Original Post: 6/12/2010
When I took life drawing class back in college, was used as a warm up exercise. That's a pretty short-sited approach to take. The definition of gesture drawing is to capture the energy and movement of the subject matter - or to capture the essence of the pose. While gesture drawing is typically used in figure drawing, I see no reason why I can't use the same approach with still lifes or landscapes.
I've been reading Walt Stanchfield' s book "Drawn to Life". He must have been a very enthusiastic and vibrant individual because it really comes across in his writings and his drawings. Here are a few gesture drawing tips I've gleamed from his book:
1. Use a fountain or pen & ink. Use cheap paper so you have no hesitancy to do lots of renderings.
2. Exaggerate the pose. if the body is leaning over, lean it "more". This creates more drama and 'essence' of the pose.
3. Try the pose yourself. Feel the shift of the shoulders, the weight on one leg, the position of the hips, the stretch of an arm. This will help you "feel" the pose and understand what the muscles are doing.
4. Always include the hands and feet in the gesture drawing. They are the most expressive parts!
5. Work to capture the weight of the body. (If the head is leaning against a hand, make sure the "weight" of the head is apparent in the hand. The position of the arm to head is important.)
6. Action, reaction. Squash and stretch. If the body is bent over, the and the stomach squashes. If the leg bends, the front of the knee stretches and the back of the knee squashes. In every movement there is an action/reaction.
5. Clothes will react in a like manner (squash and stretch) and will enhance the gesture. Manipulation of the wrinkles, lumps, bulges, folds, seams will enhance the gesture. "A real solid, expressive, sparkly drawing in one where the clothing is doing what the body is causing it to do."

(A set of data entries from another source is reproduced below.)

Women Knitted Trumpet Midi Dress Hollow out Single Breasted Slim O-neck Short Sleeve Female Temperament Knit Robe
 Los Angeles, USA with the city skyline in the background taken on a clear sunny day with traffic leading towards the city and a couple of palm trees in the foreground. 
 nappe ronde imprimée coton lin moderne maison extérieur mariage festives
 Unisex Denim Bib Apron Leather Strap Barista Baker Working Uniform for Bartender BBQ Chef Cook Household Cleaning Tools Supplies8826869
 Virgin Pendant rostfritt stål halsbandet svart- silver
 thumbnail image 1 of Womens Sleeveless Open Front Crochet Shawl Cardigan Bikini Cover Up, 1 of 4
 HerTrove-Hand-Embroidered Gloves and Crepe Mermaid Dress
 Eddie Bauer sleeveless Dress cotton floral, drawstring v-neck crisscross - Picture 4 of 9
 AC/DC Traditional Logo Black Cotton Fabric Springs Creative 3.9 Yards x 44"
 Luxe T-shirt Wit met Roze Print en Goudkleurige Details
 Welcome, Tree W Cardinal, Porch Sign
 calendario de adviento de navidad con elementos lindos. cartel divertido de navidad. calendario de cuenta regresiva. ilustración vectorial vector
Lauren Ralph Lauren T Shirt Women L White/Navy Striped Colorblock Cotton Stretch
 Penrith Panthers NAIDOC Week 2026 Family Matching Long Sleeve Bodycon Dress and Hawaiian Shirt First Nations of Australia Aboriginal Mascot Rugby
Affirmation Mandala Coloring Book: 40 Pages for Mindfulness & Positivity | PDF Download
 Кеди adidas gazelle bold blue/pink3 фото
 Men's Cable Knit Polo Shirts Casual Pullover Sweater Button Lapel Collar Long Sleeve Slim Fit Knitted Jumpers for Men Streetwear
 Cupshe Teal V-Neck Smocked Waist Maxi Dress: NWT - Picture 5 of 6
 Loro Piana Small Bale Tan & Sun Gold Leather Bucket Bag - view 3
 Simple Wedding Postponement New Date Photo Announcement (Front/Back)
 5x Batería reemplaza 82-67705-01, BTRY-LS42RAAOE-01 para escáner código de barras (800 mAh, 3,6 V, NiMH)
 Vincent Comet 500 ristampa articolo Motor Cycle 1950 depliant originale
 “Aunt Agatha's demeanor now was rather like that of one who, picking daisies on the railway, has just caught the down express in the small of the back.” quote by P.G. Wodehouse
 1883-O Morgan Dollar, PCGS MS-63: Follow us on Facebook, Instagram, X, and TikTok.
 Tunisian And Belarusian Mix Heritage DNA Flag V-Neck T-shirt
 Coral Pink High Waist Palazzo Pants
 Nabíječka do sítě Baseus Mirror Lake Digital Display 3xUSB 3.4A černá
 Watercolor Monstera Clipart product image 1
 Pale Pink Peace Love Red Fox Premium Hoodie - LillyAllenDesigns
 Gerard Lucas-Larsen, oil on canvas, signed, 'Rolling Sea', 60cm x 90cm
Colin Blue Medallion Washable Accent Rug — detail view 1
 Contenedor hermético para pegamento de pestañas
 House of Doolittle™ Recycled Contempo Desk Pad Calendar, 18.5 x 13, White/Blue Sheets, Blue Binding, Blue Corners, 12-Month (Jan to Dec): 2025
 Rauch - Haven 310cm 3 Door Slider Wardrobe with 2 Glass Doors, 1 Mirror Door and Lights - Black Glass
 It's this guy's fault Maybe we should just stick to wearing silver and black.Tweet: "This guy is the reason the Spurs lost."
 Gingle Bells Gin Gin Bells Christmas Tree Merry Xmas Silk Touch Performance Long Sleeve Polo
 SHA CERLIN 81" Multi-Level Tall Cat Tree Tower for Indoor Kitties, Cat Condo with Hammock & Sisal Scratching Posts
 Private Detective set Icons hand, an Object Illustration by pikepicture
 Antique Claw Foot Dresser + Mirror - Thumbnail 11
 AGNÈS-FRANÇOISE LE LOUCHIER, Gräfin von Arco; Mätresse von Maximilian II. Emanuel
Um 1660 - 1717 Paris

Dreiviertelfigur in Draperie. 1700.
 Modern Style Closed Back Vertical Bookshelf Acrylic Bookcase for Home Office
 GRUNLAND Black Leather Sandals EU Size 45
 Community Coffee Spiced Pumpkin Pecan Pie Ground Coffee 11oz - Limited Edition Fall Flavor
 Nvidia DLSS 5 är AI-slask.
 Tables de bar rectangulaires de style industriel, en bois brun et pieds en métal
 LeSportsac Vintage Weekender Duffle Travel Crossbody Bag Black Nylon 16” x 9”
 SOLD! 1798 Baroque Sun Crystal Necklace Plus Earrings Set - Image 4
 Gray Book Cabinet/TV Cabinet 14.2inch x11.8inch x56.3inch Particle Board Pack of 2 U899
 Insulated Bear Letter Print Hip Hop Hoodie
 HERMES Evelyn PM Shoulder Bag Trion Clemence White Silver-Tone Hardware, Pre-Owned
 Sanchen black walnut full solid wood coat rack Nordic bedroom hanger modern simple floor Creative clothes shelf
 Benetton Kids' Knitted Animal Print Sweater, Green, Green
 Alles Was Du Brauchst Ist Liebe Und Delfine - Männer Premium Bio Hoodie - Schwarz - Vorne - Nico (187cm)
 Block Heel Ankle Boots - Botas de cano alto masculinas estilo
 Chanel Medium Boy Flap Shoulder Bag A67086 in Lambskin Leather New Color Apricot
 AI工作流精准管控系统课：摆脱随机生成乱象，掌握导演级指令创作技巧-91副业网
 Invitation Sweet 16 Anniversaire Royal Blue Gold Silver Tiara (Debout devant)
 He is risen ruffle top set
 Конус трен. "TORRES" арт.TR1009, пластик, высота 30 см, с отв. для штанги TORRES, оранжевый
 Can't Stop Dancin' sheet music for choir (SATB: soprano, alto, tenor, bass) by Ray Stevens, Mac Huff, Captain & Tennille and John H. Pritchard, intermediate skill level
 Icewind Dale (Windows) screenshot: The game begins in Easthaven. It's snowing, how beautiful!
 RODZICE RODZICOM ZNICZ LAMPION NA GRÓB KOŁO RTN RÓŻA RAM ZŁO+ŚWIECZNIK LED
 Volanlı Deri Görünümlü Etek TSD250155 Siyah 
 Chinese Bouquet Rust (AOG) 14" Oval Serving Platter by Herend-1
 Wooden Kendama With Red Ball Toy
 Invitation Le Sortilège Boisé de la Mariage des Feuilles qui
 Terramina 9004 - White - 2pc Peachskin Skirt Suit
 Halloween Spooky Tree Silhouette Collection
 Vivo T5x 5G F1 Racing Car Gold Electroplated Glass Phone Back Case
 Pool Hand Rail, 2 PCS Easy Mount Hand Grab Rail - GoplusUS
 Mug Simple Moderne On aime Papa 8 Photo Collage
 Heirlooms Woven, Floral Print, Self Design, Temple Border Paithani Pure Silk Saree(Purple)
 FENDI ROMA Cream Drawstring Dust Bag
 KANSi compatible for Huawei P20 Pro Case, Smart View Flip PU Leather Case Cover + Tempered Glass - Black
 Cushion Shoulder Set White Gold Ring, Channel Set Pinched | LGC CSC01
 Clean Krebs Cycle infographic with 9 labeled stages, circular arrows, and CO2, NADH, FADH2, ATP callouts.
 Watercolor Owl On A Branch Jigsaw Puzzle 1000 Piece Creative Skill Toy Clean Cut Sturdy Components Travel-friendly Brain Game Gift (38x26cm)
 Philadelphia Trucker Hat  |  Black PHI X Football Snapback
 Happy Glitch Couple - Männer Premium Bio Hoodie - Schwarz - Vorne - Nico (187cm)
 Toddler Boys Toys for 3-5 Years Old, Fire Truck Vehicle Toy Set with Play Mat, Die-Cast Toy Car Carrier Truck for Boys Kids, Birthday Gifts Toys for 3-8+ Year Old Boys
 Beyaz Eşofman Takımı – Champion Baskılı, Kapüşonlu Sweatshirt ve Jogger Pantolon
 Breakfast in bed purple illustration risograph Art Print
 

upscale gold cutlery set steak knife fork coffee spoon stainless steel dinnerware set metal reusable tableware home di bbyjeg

7. A pose is always doing an action, even sitting.
8. Avoid tangents. (Lines meeting at the same point. It's the death to depth. (I'll address this later with examples)
9. Draw with verbs not nouns. Add adverbs for drama. (Example: Don't just draw the body part...arm, elbow, hair. Instead portray a woman "bending" over, "stretching" her arms to dry her "wet" hair.)
10. Gesture drawing will solidify your understanding of the pose. You can work out the pose, modify, elaborate, change it to 'tell' your story more effectively. Better planning before you start your portrait.
Gesture drawings can range from capturing the mass of the figure, to contours, to simple stick figures. The purpose is to capture the essence of the pose.
You can see in my drawings that I've repeated a pose several times. They go from fairly detailed gestures to simple stick figures. Each one trying to understand the pose.
So how can gesture drawing help you draw realistically?
Just think of the powerful impact of understanding anatomy and applying creative energy/essence of gesture drawing on your drawings. Your portraits will come 'alive' on the paper!